Another consequence of using the same MLIR op is that the fir.do_loop op is overloaded with the semantics of both increment and concurrent loops. While this can enable code sharing (e.g. we use the same functions to emit the MLIR ops), it also makes things more difficult in later stages of the compiler pipeline because we have to analyze the op to understand what it represents.
We recently came across these issues while working on a pass to map do concurrent loops to OpenMP constructs so that they can be automatically parallelized. See: [flang][OpenMP] Upstream do concurrent loop-nest detection and other PRs in the stack for more info.
Proposal
Introducing a separate MLIR op for do concurrent loops would help making the IR more representative of the original source at least during the earlier stages of the compiler pipeline. It would also help limiting the scope of the current fir.do_loop op to only model increment loops.
With the new op, the following loop:
do concurrent (i=1:10, j=1:10)
end do
would be emitted in MLIR as (using same SSA value numbering as the above snippet for comparison):
fir.do_concurrent (%arg0, %arg1) = (%8, %10) to (%9 to %11) step (%c1, %c1_2) {
%12 = fir.convert %arg0 : (index) -> i32
fir.store %12 to %3#1 : !fir.ref<i32>
%13 = fir.convert %arg1 : (index) -> i32
fir.store %13 to %1#1 : !fir.ref<i32>
}
The above op comes with changes to the current fir.do_loop op as well. In particular, we would:
- Remove the
unorderedattribute since there will no more need for it. - Move the locality specifier from
fir.do_looptofir.do_concurrent.
Considered alternatives
Loop nest detection
This is what is currently being implemented in the do concurrent to OpenMP conversion pass. However, as detailed above this is not ideal and therefore should be replaced by an explicit do concurrent MLIR op.
Adding a loop_nest(n) attribute to fir.do_loop
This would help us directly detect the depth of the nest and therefore avoid having to implement a loop nest detection algorithm. However, this is also not ideal since there is no guaranteee this attribute will be correctly maintained and carried forward by all passes of the pipeline.
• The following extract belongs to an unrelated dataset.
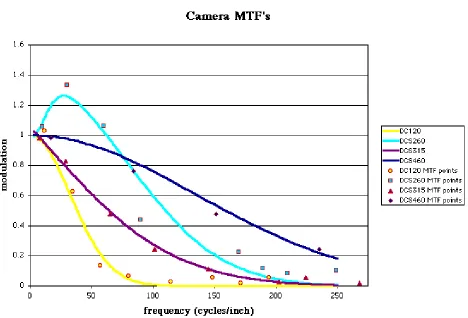 Figure 7: Camera MTFs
Creating a shared dialect to model parallel/concurrent loops
The above proposal is very similar to what the scf.parallel op looks like. Possibly there are other similar ops downstream to model these kinds of loops. This is similar to the current effort to have a shared ptr dielact. This also falls inline with the road ahead proposed by a recent dev meeting talk: 2024 LLVM Dev Mtg - Making upstream MLIR more friendly to programming languages. I think this should be still on our radar for future improvement.
Final remarks
The RFC proposes a new op for do concurrent in the FIR dialect in the short and medium terms. In the longer term, I think it would be beneficial to have an MLIR control-flow dialect that unifies ops such as fir.do_concurrent and scf.concurrent in one generic op.